AIM OF THE TASK: Each record that follows should be reproduced in full, character for character.
^^^^^^^^^^^^^^^^
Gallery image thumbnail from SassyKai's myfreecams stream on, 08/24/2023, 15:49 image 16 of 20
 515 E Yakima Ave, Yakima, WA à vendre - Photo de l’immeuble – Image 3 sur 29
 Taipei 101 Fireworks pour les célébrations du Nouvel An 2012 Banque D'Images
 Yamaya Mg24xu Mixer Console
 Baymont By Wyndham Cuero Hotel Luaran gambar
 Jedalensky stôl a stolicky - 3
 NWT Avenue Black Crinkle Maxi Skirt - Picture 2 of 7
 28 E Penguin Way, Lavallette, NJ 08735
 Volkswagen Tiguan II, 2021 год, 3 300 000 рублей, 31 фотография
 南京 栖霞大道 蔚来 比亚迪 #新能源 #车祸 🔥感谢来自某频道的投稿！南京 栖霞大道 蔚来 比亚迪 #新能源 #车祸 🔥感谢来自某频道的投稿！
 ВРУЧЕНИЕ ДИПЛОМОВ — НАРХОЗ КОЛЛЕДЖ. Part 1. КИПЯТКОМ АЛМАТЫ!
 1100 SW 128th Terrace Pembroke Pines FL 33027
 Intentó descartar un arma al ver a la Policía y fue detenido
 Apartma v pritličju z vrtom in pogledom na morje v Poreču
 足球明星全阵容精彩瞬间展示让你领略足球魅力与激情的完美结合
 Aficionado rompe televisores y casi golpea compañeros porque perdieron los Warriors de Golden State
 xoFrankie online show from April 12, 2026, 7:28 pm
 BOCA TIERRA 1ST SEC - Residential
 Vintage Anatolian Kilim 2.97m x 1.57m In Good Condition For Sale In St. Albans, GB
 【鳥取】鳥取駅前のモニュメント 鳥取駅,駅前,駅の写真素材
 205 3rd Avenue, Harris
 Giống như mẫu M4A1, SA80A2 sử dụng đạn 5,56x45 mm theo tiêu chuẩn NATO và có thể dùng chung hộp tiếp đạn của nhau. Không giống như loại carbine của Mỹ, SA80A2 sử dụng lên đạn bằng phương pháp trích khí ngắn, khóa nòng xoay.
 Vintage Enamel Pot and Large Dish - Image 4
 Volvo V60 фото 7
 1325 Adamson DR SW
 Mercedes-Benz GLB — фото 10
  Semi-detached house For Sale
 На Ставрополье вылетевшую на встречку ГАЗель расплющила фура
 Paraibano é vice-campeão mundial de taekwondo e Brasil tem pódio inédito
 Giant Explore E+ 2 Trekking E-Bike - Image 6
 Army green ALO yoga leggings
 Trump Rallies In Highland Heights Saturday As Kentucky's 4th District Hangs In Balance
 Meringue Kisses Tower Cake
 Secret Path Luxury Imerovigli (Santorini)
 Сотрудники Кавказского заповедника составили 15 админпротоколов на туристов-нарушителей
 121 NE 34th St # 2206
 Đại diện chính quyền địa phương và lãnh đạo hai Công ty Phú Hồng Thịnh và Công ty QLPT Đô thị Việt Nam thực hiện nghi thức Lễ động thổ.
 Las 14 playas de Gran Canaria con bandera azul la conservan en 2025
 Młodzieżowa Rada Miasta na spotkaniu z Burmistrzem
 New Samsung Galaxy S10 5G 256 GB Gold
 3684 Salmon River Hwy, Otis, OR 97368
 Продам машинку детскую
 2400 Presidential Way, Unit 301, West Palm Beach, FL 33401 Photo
^^^^^^^^^^^^^^^^
EXERCISE SOLUTION:
Gallery image thumbnail from SassyKai's myfreecams stream on, 08/24/2023, 15:49 image 16 of 20
 515 E Yakima Ave, Yakima, WA à vendre - Photo de l’immeuble – Image 3 sur 29
 Taipei 101 Fireworks pour les célébrations du Nouvel An 2012 Banque D'Images
 Yamaya Mg24xu Mixer Console
 Baymont By Wyndham Cuero Hotel Luaran gambar
 Jedalensky stôl a stolicky - 3
 NWT Avenue Black Crinkle Maxi Skirt - Picture 2 of 7
 28 E Penguin Way, Lavallette, NJ 08735
 Volkswagen Tiguan II, 2021 год, 3 300 000 рублей, 31 фотография
 南京 栖霞大道 蔚来 比亚迪 #新能源 #车祸 🔥感谢来自某频道的投稿！南京 栖霞大道 蔚来 比亚迪 #新能源 #车祸 🔥感谢来自某频道的投稿！
 ВРУЧЕНИЕ ДИПЛОМОВ — НАРХОЗ КОЛЛЕДЖ. Part 1. КИПЯТКОМ АЛМАТЫ!
 1100 SW 128th Terrace Pembroke Pines FL 33027
 Intentó descartar un arma al ver a la Policía y fue detenido
 Apartma v pritličju z vrtom in pogledom na morje v Poreču
 足球明星全阵容精彩瞬间展示让你领略足球魅力与激情的完美结合
 Aficionado rompe televisores y casi golpea compañeros porque perdieron los Warriors de Golden State
 xoFrankie online show from April 12, 2026, 7:28 pm
 BOCA TIERRA 1ST SEC - Residential
 Vintage Anatolian Kilim 2.97m x 1.57m In Good Condition For Sale In St. Albans, GB
 【鳥取】鳥取駅前のモニュメント 鳥取駅,駅前,駅の写真素材
 205 3rd Avenue, Harris
 Giống như mẫu M4A1, SA80A2 sử dụng đạn 5,56x45 mm theo tiêu chuẩn NATO và có thể dùng chung hộp tiếp đạn của nhau. Không giống như loại carbine của Mỹ, SA80A2 sử dụng lên đạn bằng phương pháp trích khí ngắn, khóa nòng xoay.
 Vintage Enamel Pot and Large Dish - Image 4
 Volvo V60 фото 7
 1325 Adamson DR SW
 Mercedes-Benz GLB — фото 10
  Semi-detached house For Sale
 На Ставрополье вылетевшую на встречку ГАЗель расплющила фура
 Paraibano é vice-campeão mundial de taekwondo e Brasil tem pódio inédito
 Giant Explore E+ 2 Trekking E-Bike - Image 6
 Army green ALO yoga leggings
 Trump Rallies In Highland Heights Saturday As Kentucky's 4th District Hangs In Balance
 Meringue Kisses Tower Cake
 Secret Path Luxury Imerovigli (Santorini)
 Сотрудники Кавказского заповедника составили 15 админпротоколов на туристов-нарушителей
 121 NE 34th St # 2206
 Đại diện chính quyền địa phương và lãnh đạo hai Công ty Phú Hồng Thịnh và Công ty QLPT Đô thị Việt Nam thực hiện nghi thức Lễ động thổ.
 Las 14 playas de Gran Canaria con bandera azul la conservan en 2025
 Młodzieżowa Rada Miasta na spotkaniu z Burmistrzem
 New Samsung Galaxy S10 5G 256 GB Gold
 3684 Salmon River Hwy, Otis, OR 97368
 Продам машинку детскую
 2400 Presidential Way, Unit 301, West Palm Beach, FL 33401 Photo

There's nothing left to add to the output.